* Exercise *
Reproduce each line below precisely. Drop the pictures.

* Given information *
┏━━
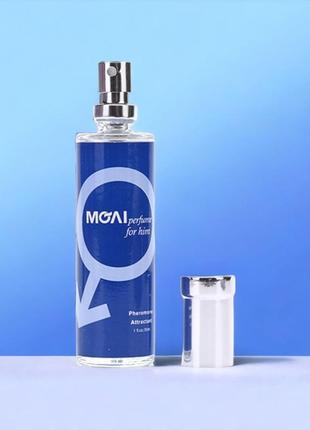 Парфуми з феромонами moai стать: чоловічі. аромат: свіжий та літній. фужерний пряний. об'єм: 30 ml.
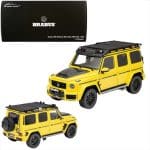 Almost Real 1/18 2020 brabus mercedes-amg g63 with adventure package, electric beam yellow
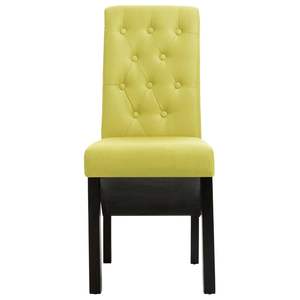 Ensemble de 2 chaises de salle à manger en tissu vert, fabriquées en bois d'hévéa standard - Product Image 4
┗━━
* Answer area *
 Парфуми з феромонами moai стать: чоловічі. аромат: свіжий та літній. фужерний пряний. об'єм: 30 ml.
 Almost Real 1/18 2020 brabus mercedes-amg g63 with adventure package, electric beam yellow
 Ensemble de 2 chaises de salle à manger en tissu vert, fabriquées en bois d'hévéa standard - Product Image 4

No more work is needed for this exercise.